Sunday, 11 May 2014

I have been to … the Barcelona Maritime Museum

During our recent visit to Barcelona we made a special point of visiting the Museu Maritim de Barcelona (Barcelona Maritime Museum). It is located on the roundabout at the seaward end of Las Ramblas.

Museum Courtyard Entrance
The entrance courtyard to the Museum contained some unusual objects of maritime interest including a replica of the submarine Ictineo 1 (the original submarine was designed in 1859 by Narcis Monturiel), …

… an old dockside crane, …

… and the bridge of the trawler Saylemar, …

… which was originally operated from Cartagena.

Inside the Museum Entrance
The entrance foyer of the Museum contained a number of ship models of SS City of Paris, …

…the SS Pommeranian, …

… as well as a sectional model of the SS Ciudad de Sevilla.

There was also a model of the Barcelona seashore as it would have looked during the fifteenth century.

The Museum is housed in the buildings that were formerly used to construct galleys, and there are also several models in the entrance foyer that show its layout.

The Viking Exhibition
The exhibition began with a large tongue-in-cheek diorama of a ‘typical’ Viking village … made from Playmobil!

In fact the exhibition itself was extremely good, with excellent signage, a wonderful and wide-ranging collection of exhibits, and a magnificent layout.

My favourite exhibits were a carved stone that depicted the journey to Valhalla, …

… the iron rivets used to hold the bow of an excavated Viking ship together, displayed in the relative positions they were found in, …

… and a Viking helmet.

Renaissance Galley and Spanish boat collection
One section of the old galley building shed was taken up with a very impressive full-size replica of a Renaissance galley.

The rest of the building shed housed a collection of typical Spanish boats.

Antarctic Research
The museum contained a small exhibit devoted to Spanish exploration and research in the Antarctic.

A Voyage Overseas
Viatge mar enllà (A Voyage Overseas) was an exhibition that contained a number of vignettes that investigated what it meant to travel by ship through the ages.

It began with a number of models that showed the development of merchant ship.

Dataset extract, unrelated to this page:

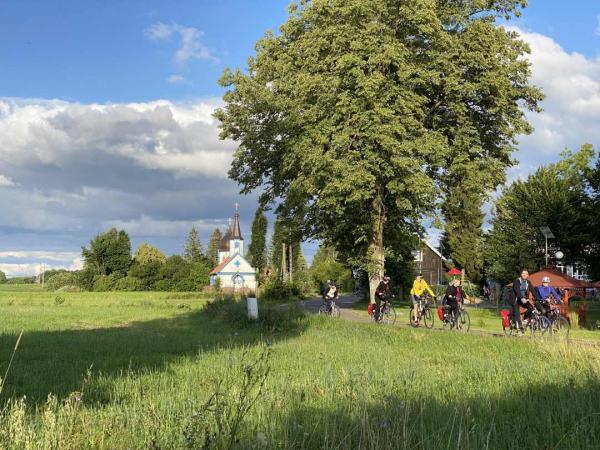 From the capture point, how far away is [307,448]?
4145 mm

The first two were models of the fifteenth century merchant ships Coca de Mataró

… and Niña.

These were followed by models of the Museum’s own schooner, Santa Eulàlia

… and the SS Ana de Sala.

The exhibition included a model that showed how a sailing ship was careened (i.e. had barnacles and other marine growth removed from its bottom).

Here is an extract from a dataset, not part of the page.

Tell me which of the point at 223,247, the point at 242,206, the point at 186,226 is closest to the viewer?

One painting depicted the use of a steamship to transport Catalan volunteers to Cuba to fight.

Some of the details in the painting were of particular interest.

A model of the flagship used by Don Juan of Austrian at the Battle of Lepanto was very impressive.

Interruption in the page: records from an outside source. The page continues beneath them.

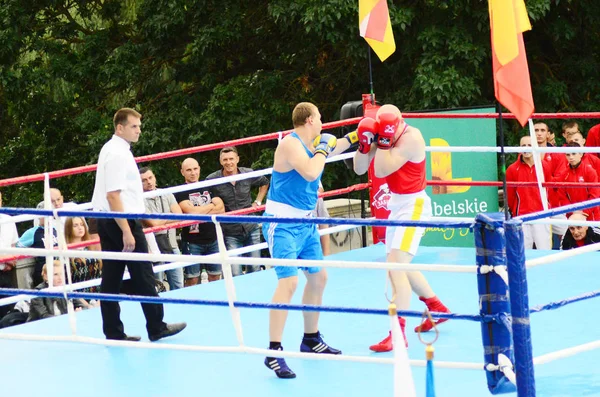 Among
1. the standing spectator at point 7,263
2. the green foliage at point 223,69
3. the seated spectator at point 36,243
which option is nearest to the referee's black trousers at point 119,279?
the seated spectator at point 36,243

The modern age of steam was illustrated by a large model of the SS Infanta Isobel de Borbón

… and an early locomotive-style ship’s boiler.

The use of ships in war was not ignored, and the exhibition included a model of the Spanish frigate Hijas da Pineda, …

… a painting of the Battle of Lepanto, …

… and a model HMS Victory.

After a break for a drink in the Museum’s café, we made our way down to the Old Port, where we were able to see the museum’s preserved schooner, Santa Eulàlia.

If you are going to Barcelona in the future, and have sufficient time, this Museum is worth visiting.


  1. Thanks Bob, been there, seen all that, probably got the T-shirt too.

    Will probably want to see it all again now!

  2. What an embarrassment of riches. Bob thank you very much for sharing.

  3. Bob
    Great photos - I love the wooden sub and the replica galley!
    I'd say that your cruise was a great idea.

  4. Jim Duncan,

    I went a few years ago ... and it was shut for renovations. They are now complete ... and it was well worth the wait.

    All the best,


  5. Conrad Kinch,

    If you are every in Barcelona and have the time to visit the museum, I don't think that you will be disappointed.

    All the best,


  6. Peter Douglas,

    I was told that the wooden submarine was a two-thirds scaled-down replica of the original.

    I wish that had been possible to see inside the galley, but at present that is not feasible.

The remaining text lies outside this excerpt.